I engaged in a discussion with an elderly fellow some days ago on the present state of the nation, Nigeria. The man, a Septuagenarian, nostalgically submitted that Nigeria had seen better days. I quipped that I witnessed some of the good old days. He laughed derisively wondering what gave me the competence to make such a declaration on account of my age, compared to his’. Of course, I insisted that I also witnessed the golden years by regaling him with tales of the good life I lived with my elder sister, a teacher at the Community Commercial Modern School, Ilupeju Ekiti in the 70s, and how she used to buy coloured pants for me every market day. I told the elderly man that as an “omo tisha”-child of a teacher-, I used to mix ‘Nido’ (a brand of powder milk) with my garri in my bulging pockets and was the toast of other pupils at the Local Authority Primary School, Ilupeju Ekiti and St Benedict Primary School Ayede Ekiti, where I again lived with her when she became a secondary school teacher at Ayede Grammar School.

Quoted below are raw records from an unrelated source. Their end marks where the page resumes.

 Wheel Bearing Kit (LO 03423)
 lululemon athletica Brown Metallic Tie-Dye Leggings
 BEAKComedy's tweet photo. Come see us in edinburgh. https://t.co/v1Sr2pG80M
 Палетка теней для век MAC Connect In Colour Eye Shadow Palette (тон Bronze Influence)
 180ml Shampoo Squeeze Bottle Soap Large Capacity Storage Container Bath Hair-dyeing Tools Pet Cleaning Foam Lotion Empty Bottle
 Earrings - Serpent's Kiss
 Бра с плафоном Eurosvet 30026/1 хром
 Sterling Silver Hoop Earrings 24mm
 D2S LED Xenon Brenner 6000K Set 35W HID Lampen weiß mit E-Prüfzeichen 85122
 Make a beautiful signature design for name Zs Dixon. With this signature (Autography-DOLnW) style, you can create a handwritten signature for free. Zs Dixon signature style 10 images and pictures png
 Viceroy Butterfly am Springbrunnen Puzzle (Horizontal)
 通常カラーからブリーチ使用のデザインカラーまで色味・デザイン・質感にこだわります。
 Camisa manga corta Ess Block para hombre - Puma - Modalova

The old man laughed again! He found it funny that my idea of a better Nigeria was when I could “mix nido and garri”. He was not persuaded that even a middle class Nigerian today cannot afford to buy that same milk; that the idea of having tea as breakfast has disappeared from many homes, and that nowadays, families have to skip one meal a day in order to be able to afford the next one. He went on a riposte with beautiful stories of how life was in Nigeria in “their time”. He romanticised his days at the University of Ife, now Obafemi Awolowo University, where students turned on taps at the cafes to get tea and when four students used to share one full chicken. He mentioned how he got a brand new Peugeot 404 car, months after he graduated and how his wife, a nurse, got a brand new Volkswagen car the moment she started working. He praised the men of the Public Works Department, PWD, who used to fix any damaged items in his official quarters and maintain the lawns. He went on and on in profuse reminiscences as a great raconteur would.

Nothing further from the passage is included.